It is kind of by design. I have a separate package called “oban_cron” that I haven’t published yet, but it does exactly what you’re asking about. I’ve debated making it part of oban itself, but it works nicely as a separate package.
Quantum is really powerful, but it doesn’t make sense in every situation IMO. There are a couple of downsides that I hoped to address with a focused package:
Work without connected nodes. Quantum uses node communication for leadership, to prevent double-enqueuing a job.
Have a smaller footprint. Quantum is a lot of code when all you want to specify is {"0 14 * * MON", MyApp.SomeWorker} in some configuration.
I remember in the Rails days using Sidekiq but then also lugging around Clockwork just for scheduling. When glancing your readme one of the first things I looked for was repeated scheduled tasks.
I wonder what others think about putting oban_cron into the main repo.
Informally I’ll consider “hearts” on this post to be in favor of including it directly in Oban. If anybody has arguments against inclusion please post!
I think that it would be a great addition to Oban.
The current version of Quantum is unstable when clustering in certain cases. We’ve experienced some of them in the company I work for which caused some undesirable effects such as tasks not running or running once per each node in the cluster.
This is acknowledged in Quantum and they are working in a solution.
Oban has been rock solid and reliable since we started using it in the project. So it could be a wonderful alternative.
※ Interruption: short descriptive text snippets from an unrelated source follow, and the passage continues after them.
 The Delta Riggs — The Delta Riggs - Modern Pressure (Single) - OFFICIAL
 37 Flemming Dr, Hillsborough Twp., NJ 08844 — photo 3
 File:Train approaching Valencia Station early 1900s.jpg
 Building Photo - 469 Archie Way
Nice work. Looking forward to replacing Quantum with this. After just glancing at your commit, that makes me really happy to see. I had nothing against Quantum but being able to drop a whole library with a ton of code for a few dozen lines of code is a huge win.
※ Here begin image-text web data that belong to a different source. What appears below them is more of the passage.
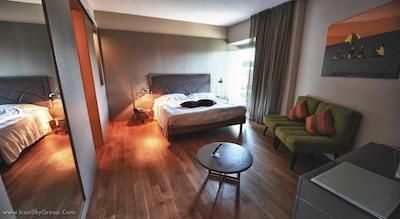 ابایتالیا تاور پلازا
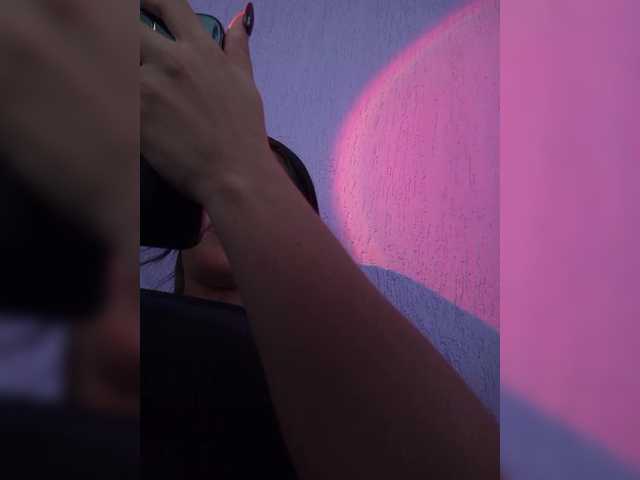 ElizHarper's BongaCams show and profile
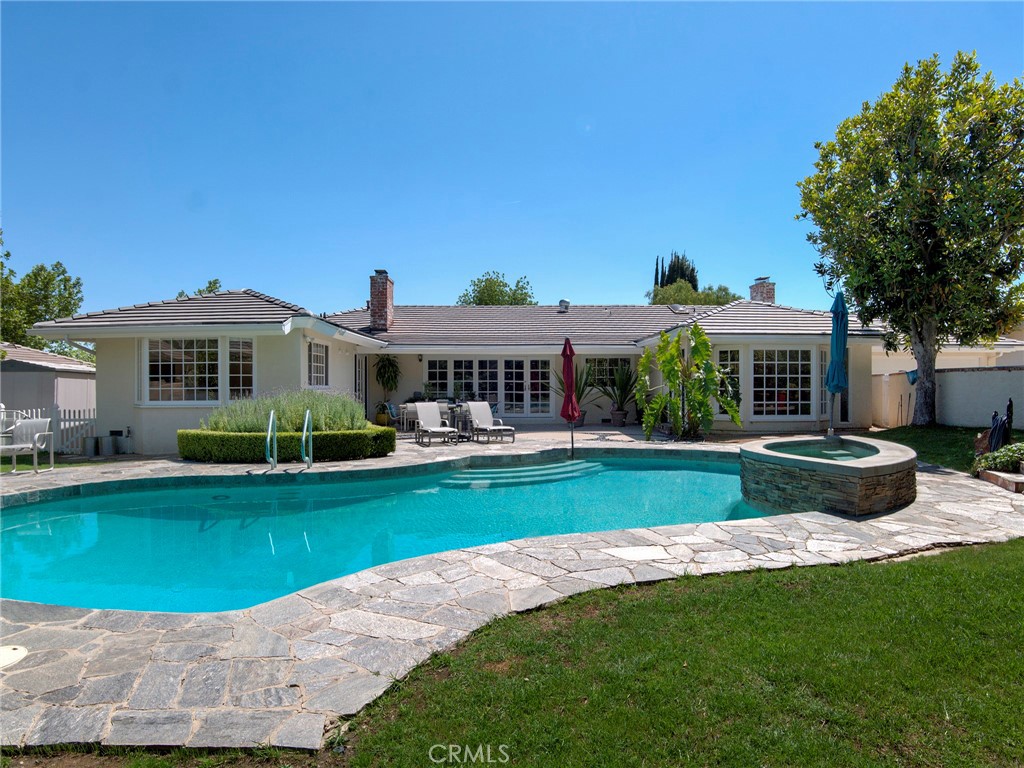 Northridge, California, 91324, United States, 4 Bedrooms Bedrooms, ,3 BathroomsBathrooms,Residential,Active,2044979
One question. In your new docs you put “Jobs are considered unique for most of each minute”. What type of race conditions or edge cases should we be aware of to hit the points where it might not be unique?
Jobs are marked as unique for 59 seconds, not 60 seconds. There has to be some wiggle room between the unique period and the next enqueue cycle. That leaves a one second window where a theoretical double-enqueue is possible. That situation would only happen if you can restart your node fast enough that it enqueued at the start of one second, booted up and enqueued at the end of the same second.
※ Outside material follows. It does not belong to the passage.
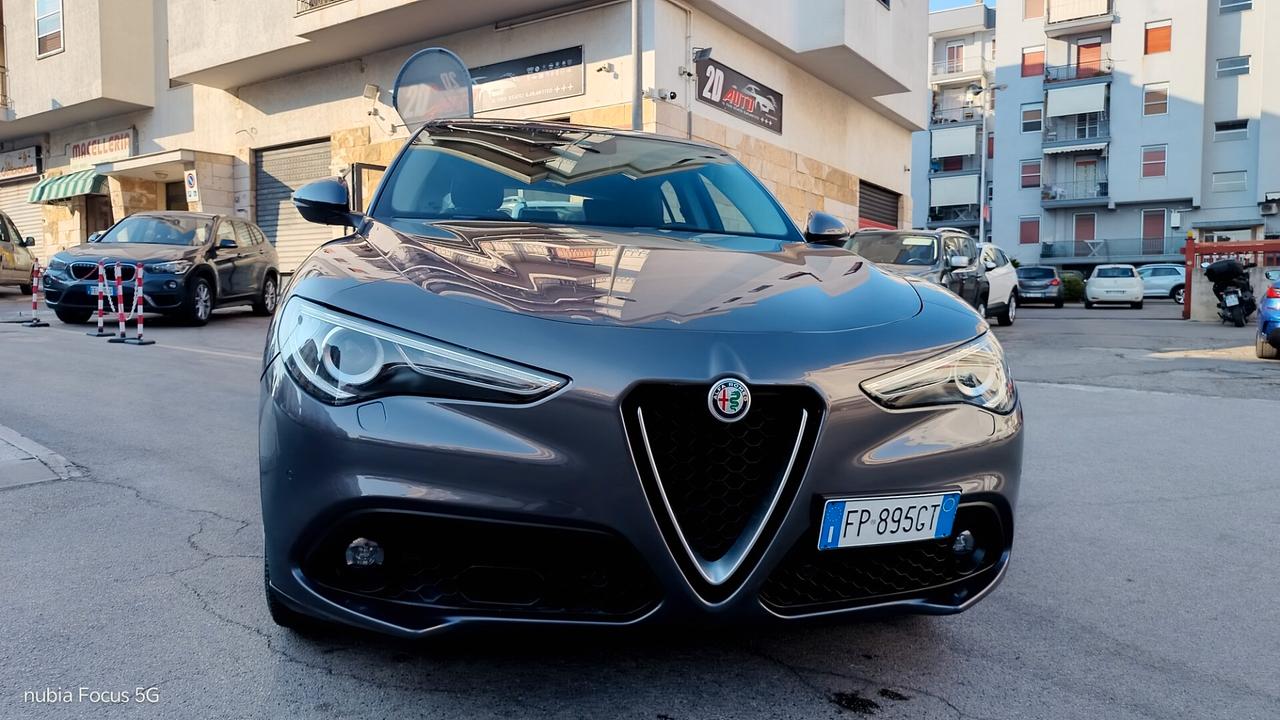 Alfa Romeo Stelvio 2.2 Executive * 180 CV * Navi * Pelle * Garantita 12 Mesi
If I’m understanding correctly, this supports running a job on a single node in a cluster periodically.
It might be beyond the scope of Oban, but is there a way to run a job on every node in a cluster periodically? I’ve used Quantum that way for things like refreshing credentials periodically.
Oban v0.11.0 is published with a variety of bug fixes and the addition of CRON jobs. There is an optional migration that will prevent issues recording beats when job ids get into the 64bit range.
Anybody using the UI beta should upgrade, the oban_update notification change is essential to keeping stats updated.
Job id’s greater than 2,147,483,647 (PG int limit) can’t be inserted into the running array on oban_beats. The array that Ecto defines uses int instead of bigint, which can’t store the larger integers. This migration changes the column type to bigint[], a locking operation that may take a few seconds.
Added
[Oban] Added crontab support for automatically enqueuing jobs on a fixed schedule. A combination of transactional locks and unique jobs prevents scheduling duplicate jobs.
Fixed
[Oban.Migrations] Add a comment when migrating oban_jobs to V5 and when rolling back down to V4.
[Oban.Query] Apply the configured log level to unique queries.
[Oban.Notifier] Prevent open connections from accumulating when the circuit is tripped during the connection phase. This change may leave notifications in a state where they aren’t listening to all channels.
Changed
[Oban.Notifier] Replay oban_update notifications to subscribed processes.
Oban v0.12.0 is out with some fun features, testing improvements, bug fixes and a helpful (optional) migration for large pruning operations. Thanks to all of the contributors who made this one possible!
The queries used to prune by limit and age are written to utilize a single partial index for a huge performance boost on large tables. The new V7 migration will create the index for you—but that may not be ideal for tables with millions of completed or discarded jobs because it can’t be done concurrently.
If you have an extremely large jobs table you can add the index concurrently in a dedicated migration:
create index(
:oban_jobs,
["attempted_at desc", :id],
where: "state in ('completed', 'discarded')",
name: :oban_jobs_attempted_at_id_index,
concurrently: true
)
Added
[Oban] Add start_queue/3 and stop_queue/2 for dynamically starting and stopping supervised queues across nodes.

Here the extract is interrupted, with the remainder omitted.